Having autoscaling group set up we are ready to launch our instances and database.
Database Instance
Having prepared subnet and security group for RDS we need one more thing to cover before launching the database instance. To provision a database we need to follow some rules:
- Our VPC has to have enabled DNS hostnames and DNS resolution (we did that while creating VPC).
- Our VPC has to have a DB subnet group (that is about to happen).
- Our VPC has to have a security group that allows access to the DB instance.
Let’s create the missing piece:
resource "aws_db_subnet_group" "db_subnet_group" {
subnet_ids = [aws_subnet.pub_subnet.id]
}
And database instance itself:
resource "aws_db_instance" "mysql" {
identifier = "mysql"
allocated_storage = 5
backup_retention_period = 2
backup_window = "01:00-01:30"
maintenance_window = "sun:03:00-sun:03:30"
multi_az = true
engine = "mysql"
engine_version = "5.7"
instance_class = "db.t2.micro"
name = "worker_db"
username = "worker"
password = "worker"
port = "3306"
db_subnet_group_name = aws_db_subnet_group.db_subnet_group.id
vpc_security_group_ids = [aws_security_group.rds_sg.id, aws_security_group.ecs_sg.id]
skip_final_snapshot = true
final_snapshot_identifier = "worker-final"
publicly_accessible = true
}
All the parameters are more less self explanatory.
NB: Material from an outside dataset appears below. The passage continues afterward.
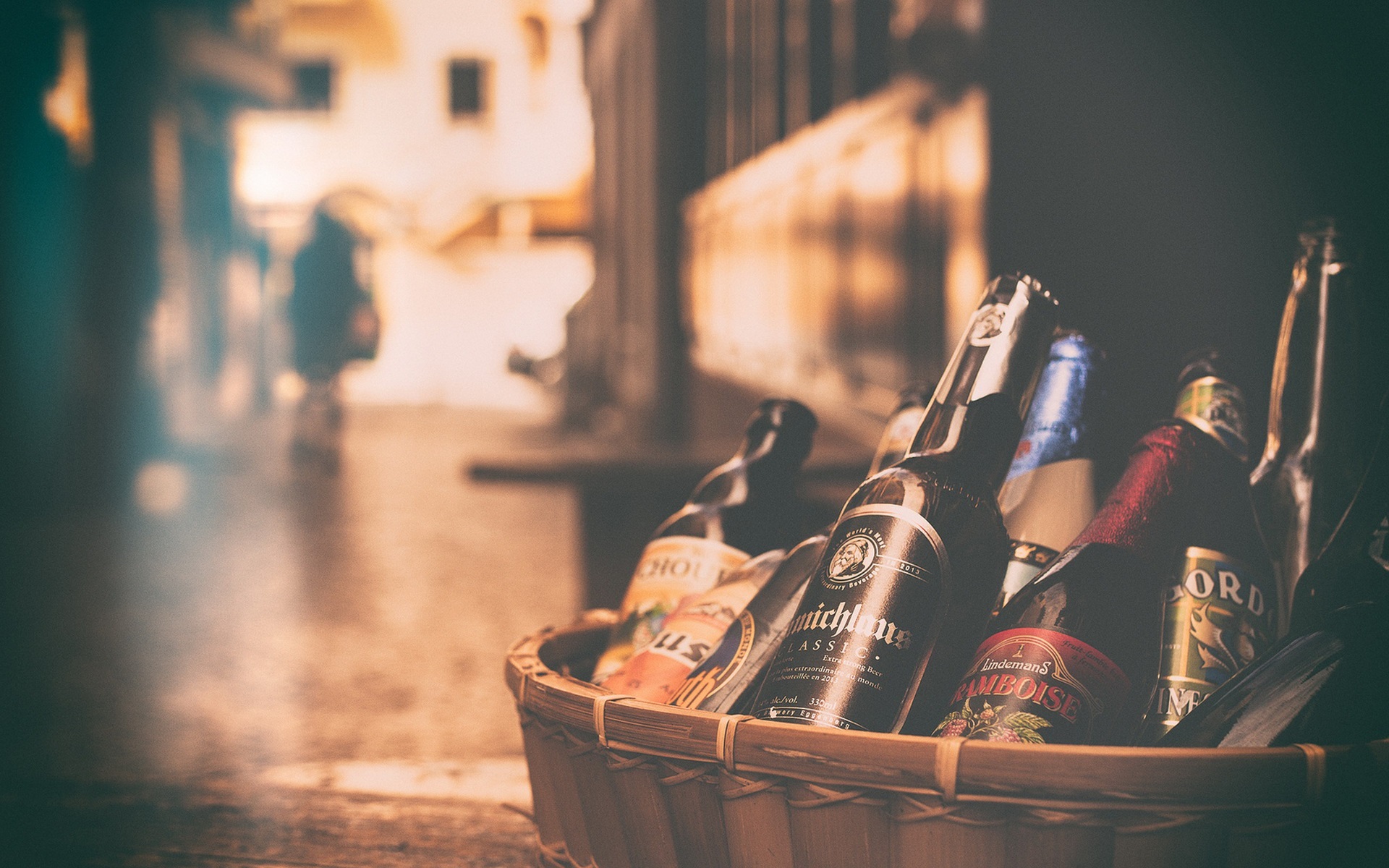 Wallpaper Beer Bottles, Basket, Street, Night - Beer Bottles In Bucket Hd - HD Wallpaper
If we want our database to be publicly accessible you have to set the publicly_accessible
parameter as true
.
Elastic Container Service
ECS is a scalable container orchestration service that allows to run and scale dockerized applications on AWS.
To launch such an application we need to download image from some repository. For that we will use ECR. We can push images there and use them while launching EC2 instances within our cluster:
resource "aws_ecr_repository" "worker" {
name = "worker"
}
And the ECS itself:
resource "aws_ecs_cluster" "ecs_cluster" {
name = "my-cluster"
}
Cluster name
is important here, as we used it previously while defining launch configuration. This is where newly created EC2 instances will live.
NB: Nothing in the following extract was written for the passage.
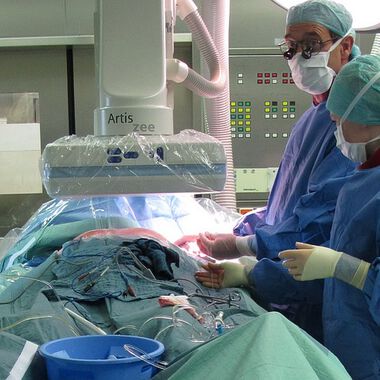 Chirurgen retten Fötus durch OP im Mutterleib das Leben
To launch a dockerized application we need to create a task — a set of simple instructions understood by ECS cluster. The task is a JSON definition that can be kept in a separate file:
[
{
"essential": true,
"memory": 512,
"name": "worker",
"cpu": 2,
"image": "${REPOSITORY_URL}:latest",
"environment": []
}
]
In a JSON file we define what image will be used using template variable provided in a template_file
data resource as repository_url
tagged with latest
. 512 MB of RAM and 2 CPU units that is enough to run the application on EC2.
Having this prepared we can create terraform resource for the task definition:
resource "aws_ecs_task_definition" "task_definition" {
family = "worker"
container_definitions = data.template_file.task_definition_template.rendered
}
The family
parameter is required and it represents the unique name of our task definition.
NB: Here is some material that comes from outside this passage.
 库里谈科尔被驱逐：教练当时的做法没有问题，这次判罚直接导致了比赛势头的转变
The last thing that will bind the cluster with the task is a ECS service. The service will guarantee that we always have some number of tasks running all the time:
resource "aws_ecs_service" "worker" {
name = "worker"
cluster = aws_ecs_cluster.ecs_cluster.id
task_definition = aws_ecs_task_definition.task_definition.arn
desired_count = 2
}
This ends the terraform description of an architecture.
There’s just one more thing left to code. We need to output the provisioned components in order to use them in worker application.
We need to know URLs for:
- ECR repository
- MySQL host
Terraform provides output block for that. We can print to the console any parameter of any provisioned component.
output "mysql_endpoint" {
value = aws_db_instance.mysql.endpoint
}
output "ecr_repository_worker_endpoint" {
value = aws_ecr_repository.worker.repository_url
}
Applying the changes
First we need to initialize a working directory that contains Terraform files by typing terraform init
. This command will install needed plugins and provide a code validation.
Follow up with terraform plan
.
Finding that you’re receiving an error?

You need to manually create theS3bucket through the aws console, making sure to edit terraform.tf
with the correct bucket name.
If everything is fine we can run terraform apply
to finally provision the desired infastructure.